Obviously, the similarities between Duerson's and Seau's deaths raised a lot of red flags and caused many people to assume that Seau was suffering from the same kind of brain trauma and depression that led to Duerson's suicide. We don't know and shouldn't officially speculate, but what happens to the NFL, and its own alleged concern about concussions, if it's found that Seau suffered from CTE?

[Video: Yahoo! Sports' Michael Silver remembers Junior Seau]

Certainly, those close to Seau did not see his suicide coming -- he was revealed to be a happy person near the end of his life -- at least, on the surface to people around him. ''This is not anything I thought he would ever do,'' former San Diego Chargers safety Miles McPherson told the Associated Press on Thursday. "Junior is a warrior. He played 20 years in the NFL as a linebacker. You have to be a warrior. Warriors conquer problems they face and they run at them."

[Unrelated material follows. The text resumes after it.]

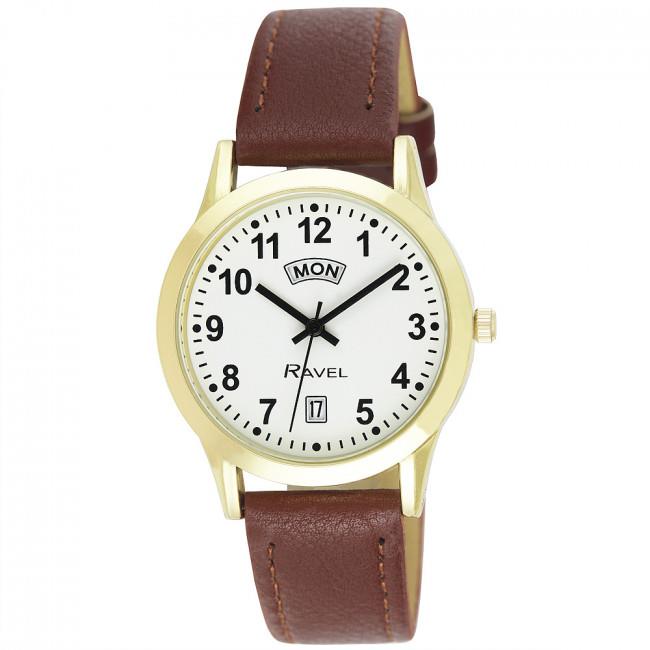 Ravel Gents Gilt Day/Date Brown Faux Leather Strap Watch R0706.42.1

"All of us can appear to be super, but all of us need to reach out and find support when we're hurting,'' Chargers chaplain Shawn Mitchell said in that AP report. ''This super person, this wonderful human being, this extraordinary athlete and man ... if someone so invincible like Junior could end his life this way, it should be a message to all of us all going through hurt and travails, that we all need each other. If somebody's hurting, please talk to somebody. Get help.''

"When it happens to a person that I feel pretty confident has been exposed to repeat concussions, my first thought was, did somebody do what they could to make sure this individual knew what his exposure was in terms of concussions?" Dr. David A. Hovda, director of the Brain Research Center at UCLA, told the Los Angeles Times on Thursday. "What the cost was going to be after he finished his career, and what he should look out for? Was the family notified? And did he get help if he needed it?"

After it is decided where Seau's brain will be examined, it could take up to 90 days for the results to be revealed.